Segment Start: Data supplied

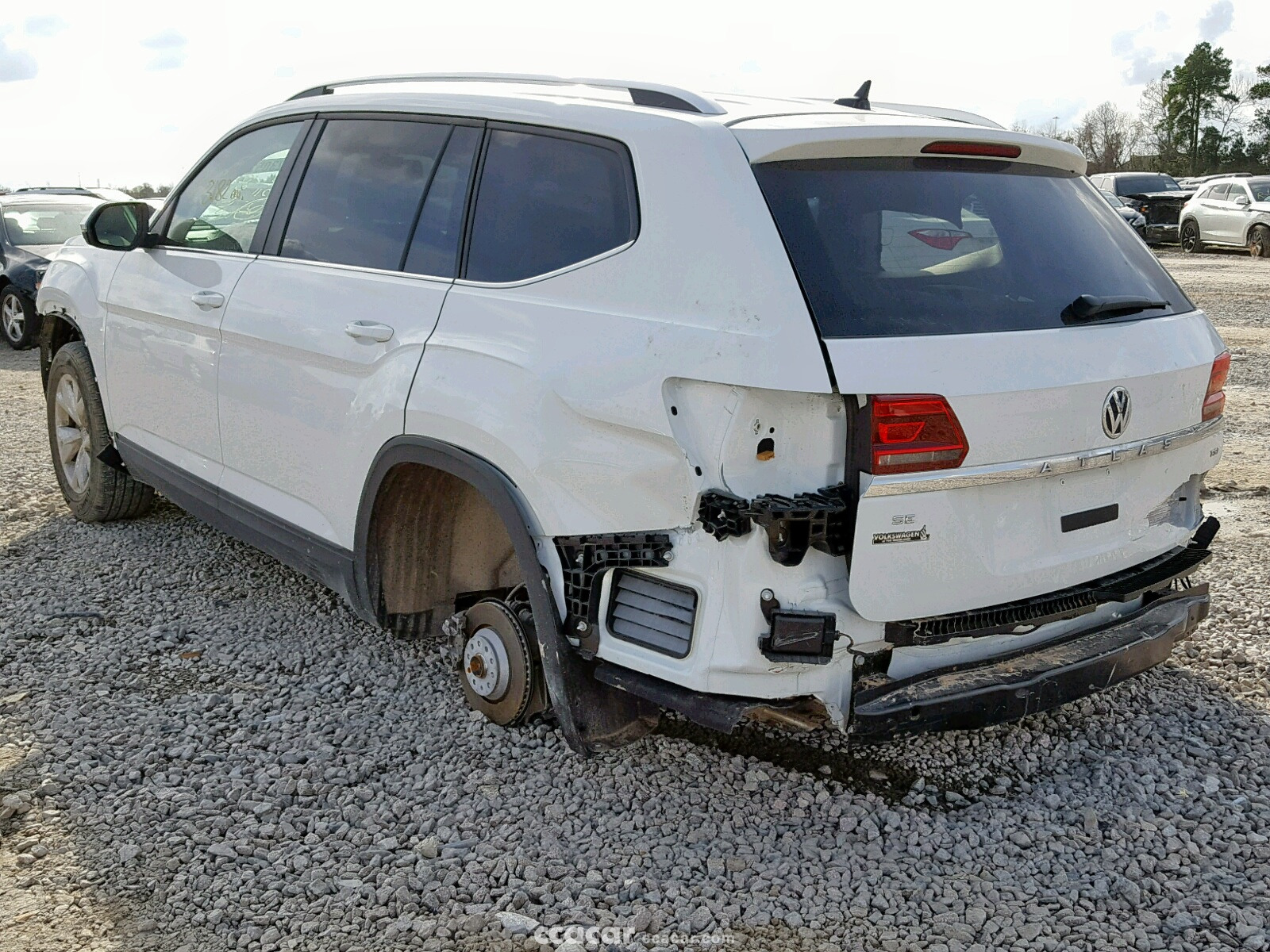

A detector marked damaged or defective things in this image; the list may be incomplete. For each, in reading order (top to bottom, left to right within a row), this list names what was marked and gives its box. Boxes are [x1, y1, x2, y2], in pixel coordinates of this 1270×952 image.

damaged suv [40, 75, 1226, 755]
cracked tail light [876, 392, 972, 473]
cracked tail light [1200, 351, 1232, 422]
damaged rear bumper [851, 587, 1206, 743]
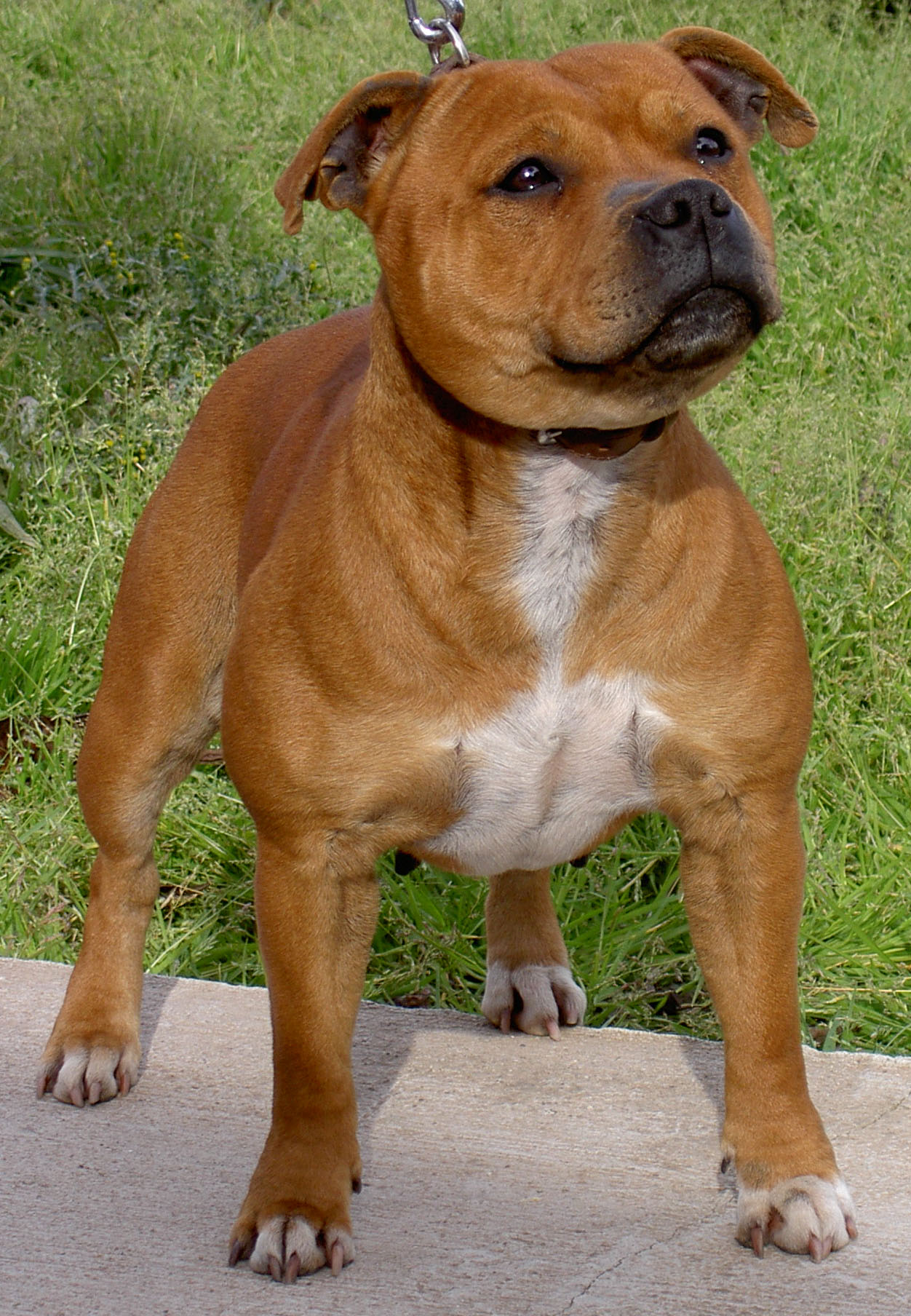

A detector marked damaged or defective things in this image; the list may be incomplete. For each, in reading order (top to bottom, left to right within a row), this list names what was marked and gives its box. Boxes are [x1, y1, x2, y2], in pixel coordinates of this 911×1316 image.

crack in concrete [558, 1205, 721, 1316]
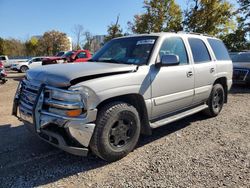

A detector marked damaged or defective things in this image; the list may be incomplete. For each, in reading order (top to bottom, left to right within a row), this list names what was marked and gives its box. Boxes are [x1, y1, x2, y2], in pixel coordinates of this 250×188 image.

damaged front end [12, 78, 98, 156]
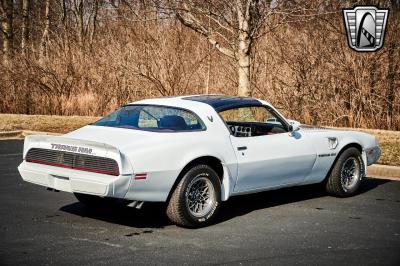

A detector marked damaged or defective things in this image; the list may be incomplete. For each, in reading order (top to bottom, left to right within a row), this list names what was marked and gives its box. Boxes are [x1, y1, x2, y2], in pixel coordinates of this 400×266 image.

cracked asphalt [0, 140, 398, 264]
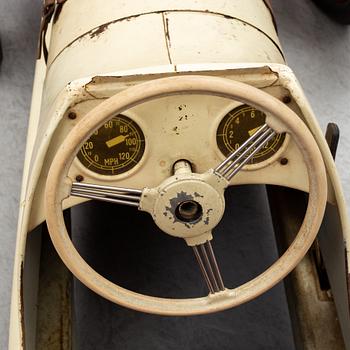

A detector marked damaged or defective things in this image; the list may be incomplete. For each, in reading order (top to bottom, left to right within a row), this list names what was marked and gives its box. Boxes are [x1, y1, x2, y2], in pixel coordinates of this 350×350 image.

rust spot [89, 23, 109, 39]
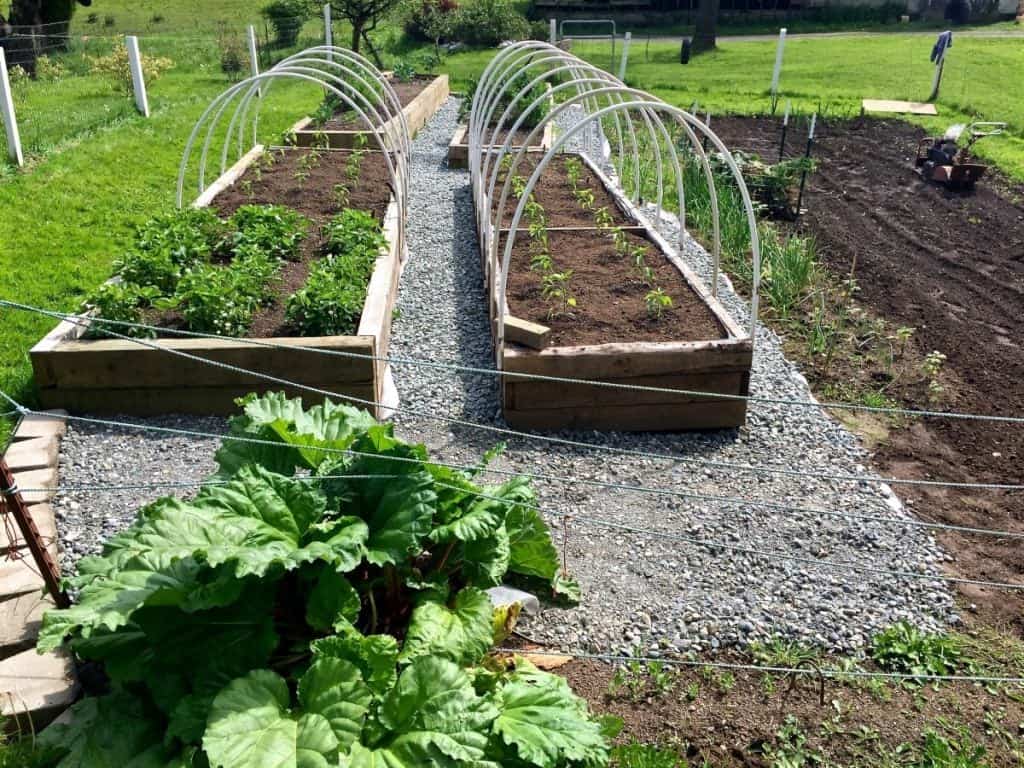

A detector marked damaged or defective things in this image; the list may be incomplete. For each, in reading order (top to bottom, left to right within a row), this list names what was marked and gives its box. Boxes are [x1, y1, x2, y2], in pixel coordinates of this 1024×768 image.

rusty metal stake [0, 460, 68, 610]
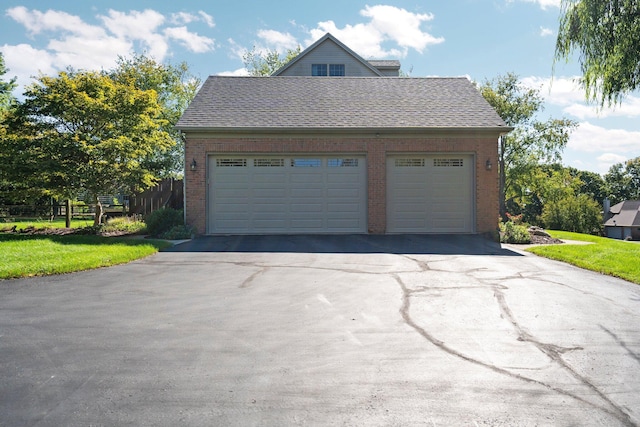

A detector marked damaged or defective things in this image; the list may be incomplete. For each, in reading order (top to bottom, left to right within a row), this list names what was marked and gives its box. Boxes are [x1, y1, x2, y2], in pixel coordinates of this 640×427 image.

crack in asphalt [396, 268, 636, 427]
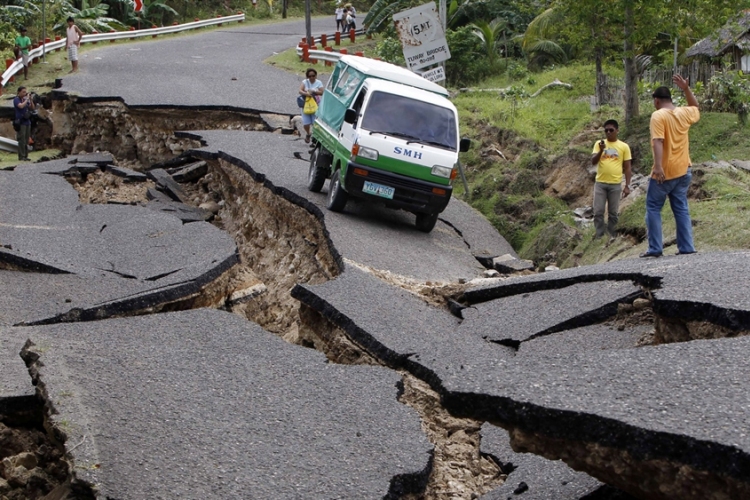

Segment End: Data supplied

- **What is expected**:
Reproduce nothing but the lines running from the line with "this 640×427 image." through the end of the records, keeping both end lines and dropping the pictures.

- **Task solution**:
A detector marked damaged or defective things in this image; the list may be incomplete. For each, in reading order (top to bottom, left to right within a row), this list names what was marked and gives its box. Boxes are [x1, y1, x2, y2], in pixel coordinates of this 640×427 image.

crack in asphalt [396, 268, 636, 427]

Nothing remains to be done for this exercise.